The psychometrically trained reader will recognize that the decision-theory statement of the criterion-referenced test cut-off score problem is a special case of personnel selection theory, as explicated most fully by Cronbach and Gleser (1965).

In my opinion, all of those who have dealt statistically and psychometrically with the problems of criterion-referenced testing are guilty of misdirected precision and axiomatization. The interesting questions about criterion-referenced testing are "Whence comes Cx?" "How is one criterion score justified over another?" The decision theory and psychometric questions are routine, and standard techniques have merely been clothed in the language of criterion-referenced testing and offered as answers. The answers are correct and valid given the premises. But the entire endeavor (viz., to treat criterion-referenced testing statistically and psychometrically) has been undertaken without a sense of the critical concern. Of what concern is it that n items must be sampled or a cut-off score set at Cx to minimize false negatives, if at the very bottom of it all the decision to "pass' 30% vs. 80% is judgmental, capricious, and essentially unexamined?

"Operations Research" Methods

This technique for setting a criterion score is so named because it is based on the general approach of operations research of maximizing a valued commodity by finding an optimum point on a mathematical curve or a graph. An illustration will clarify this meaning.

Taking his cue from Bormuth's (1971) application of operations research strategy to determining optimal "readability" of instructional passages, Block (1972) presented a method which was alleged to be the rationally justifiable technique for determining the criterion score on criterion-referenced tests. Theoretically, the researcher would teach many different randomly equivalent groups until they achieved various levels of proficiency on a "criterion-referenced test," e.g., 10%, 15%, 20%, ..., 95%, 100%. Furthermore, all of the groups would be measured on an external measure of valued outcomes, e.g., performance on a retention or transfer of learning scale, income at age 40, "life success," etc. Next, a graph relating the degree of mastery on the criterion-referenced test and performance on the valued outcome scale is drawn (see Figure 4).
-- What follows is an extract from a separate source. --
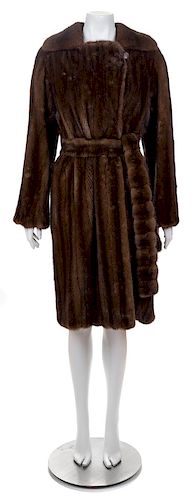 A J. Mendel Mahogany Mink Coat, No size; Belt: 67.5" x 2.25".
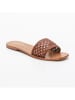 CALANK Leren slippers lichtbruin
That level of performance on the criterion-referenced test for which the valued outcome score is maximized becomes the "rationally" determined criterion score. It is immediately clear that this method does not satisfactorily resolve the criterion-score determination problem unless the curve in Figure 4 is non-monotonic, i.e., unless at some point between 0% and 100% it bends and starts to return to the baseline of the graph. For unless this bend occurs, the criterion score on the criterion-referenced test which maximizes the valued outcome will be 100%—an impossible level of perfection and a trivial and thoughtless standard.
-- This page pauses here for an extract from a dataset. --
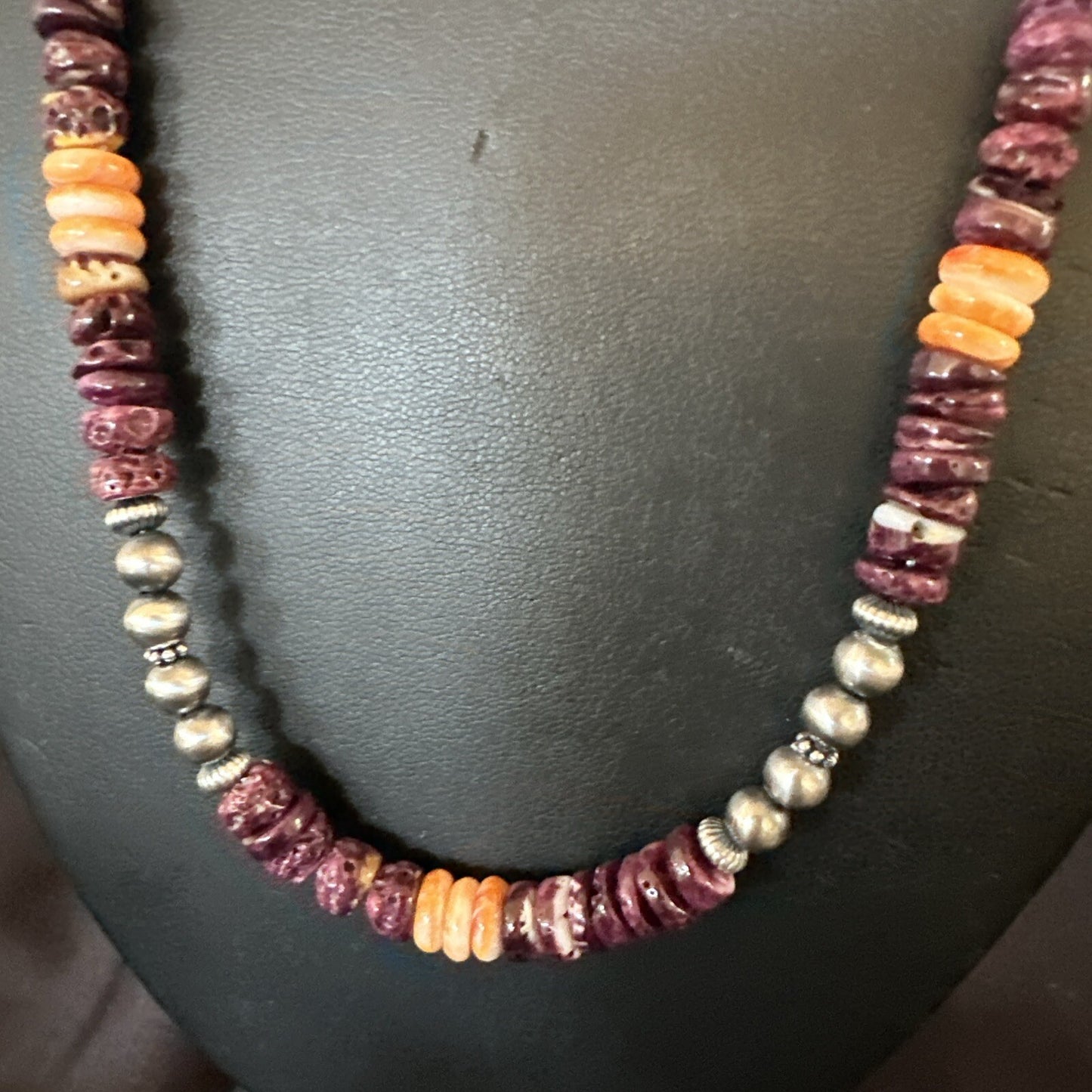 Navajo Sterling Necklace Purple Orange Spiny Oyster  20" 17702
Figure 4. Hypothetical relationship between a criterion-referenced test and a valued outcome.

I suspect that non-monotonic graphs will be rare exceptions when both the criterion-referenced test and the valued outcome scale are measures of cognitive performance. That is, I expect performance on the valued outcome scale to increase monotonically as performance on the criterion-referenced test increases.
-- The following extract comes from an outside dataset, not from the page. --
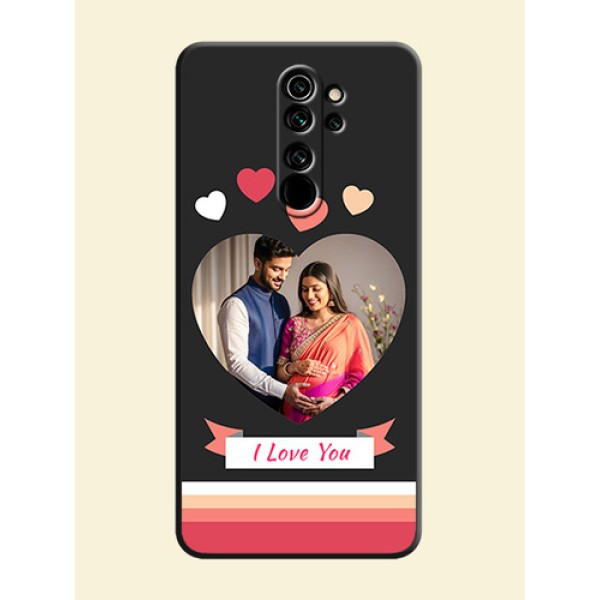 Love Shaped Photo with Colorful Stripes on Personalised Space Black Soft Matte Cases - Redmi Note 8 Pro Love Shaped Photo with Colorful Stripes on Personalised Space Black Soft Matte Cases - Redmi Note 8 Pro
One way around this problem is to introduce a second valued outcome that bears an inverse relationship to degree of mastery on the criterion-referenced test, e.g., interest or attitude toward the topic learned, and students develop poorer attitudes the longer they study the topic. Consider the graphs in Figure 5.



Figure 5. Separate and composite relationships between a criterion-referenced test and two valued outcomes.

Under the conditions in Figure 5, a single "criterion score" can be found for which the composite outcome (1 + 2) is maximized. This would seem to provide a "rational" and non-arbitrary method of setting a criterion score on the criterion-referenced test. But, the elimination of arbitrariness is illusory. The unreliable judgmental element in this method is hidden in the composite outcome. To weight the cognitive and affective outcomes equally in forming the composite is an arbitrary choice of composites from among the following general class of composites:

Composite Outcome = a(Outcomel) + b(Outcome2)

This arbitrariness is closely comparable to the problem of weighting false positives and false negatives in the "decision-theory" approach.

There is little on the face of the problem to recommend the composite "outcome1 + outcome2" over the composite "2 x outcome1 + outcome2." This latter composite would substantially shift the "criterion score" in Figure 5 to the right along the baseline. The only empirical attempt to set criterion scores by the "operations research" method resulted in precisely this ambiguity.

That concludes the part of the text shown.